Innego zdania był sąd apelacyjny, wedle którego komandytariusz nabywa status przedsiębiorcy od daty uzyskania wpisu i od tego też dnia istnieje obowiązek ubezpieczeń społecznych i zdrowotnego. Jego zdaniem rejestracja umowy o przystąpieniu komandytariusza ma charakter konstytutywny.
Argumentował, że skoro ustawa o systemie ubezpieczeń społecznych milczy w kwestii nabywania i utraty pozycji komandytariusza, rozwiązania trzeba szukać w kodeksie spółek handlowych. A zgodnie z art. 111 k.s.h. zainteresowany staje się komandytariuszem powstającej spółki od chwili wpisania jej do KRS i od tego czasu odpowiada za zobowiązania nawiązane po dacie rejestracji.
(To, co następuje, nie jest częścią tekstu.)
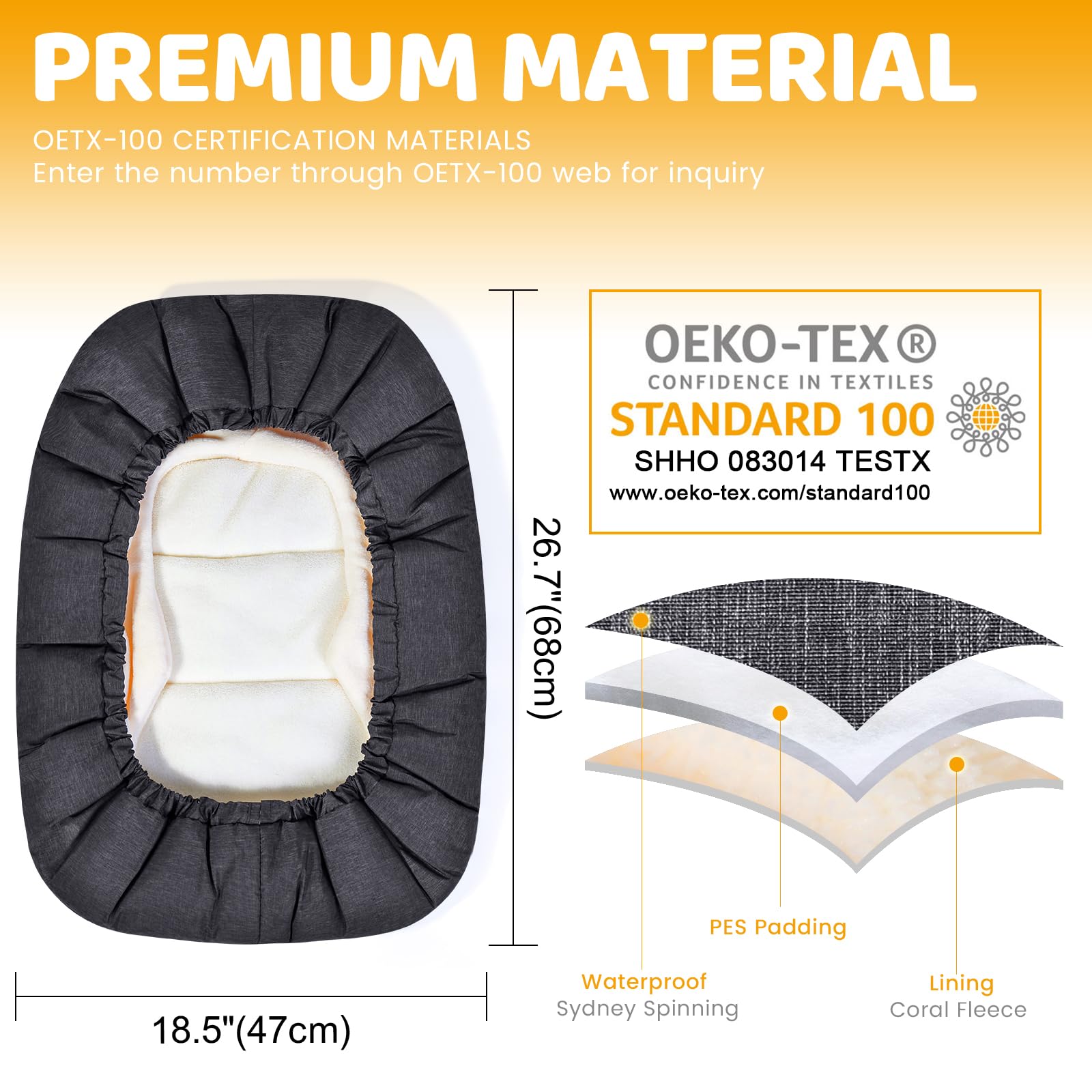 Orzbow Sacco Ovetto Neonato Invernale, Universale Sacco Nanna Ovetto Invernale con Collare Regolabile, Calda Fodera in Vello Coral, Staccabile e Lavabile in Lavatrice (Grigio Scuro)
W świetle art. 114 k.s.h., kto przystępuje do spółki w charakterze komandytariusza, odpowiada także za zobowiązania spółki istniejące w chwili wpisania go do rejestru. Przepisy te podkreślają według sądu drugiej instancji jego teorię. Dlatego zmienił on odpowiednio wyrok sądu okręgowego i decyzję organu rentowego.
...lecz dzień spisania umowy
Rzeczywiście można spotkać dwa poglądy na tę sprawę – przyznał SN. Jedni eksperci uważają, że wpis komandytariusza o przystąpieniu do istniejącej spółki ma charakter deklaratoryjny, a inni, że konstytutywny. Zauważył, że „wpis do rejestru nie kreuje statusu przystępującego do spółki wspólnika, ale go potwierdza i ujawnia wobec osób trzecich".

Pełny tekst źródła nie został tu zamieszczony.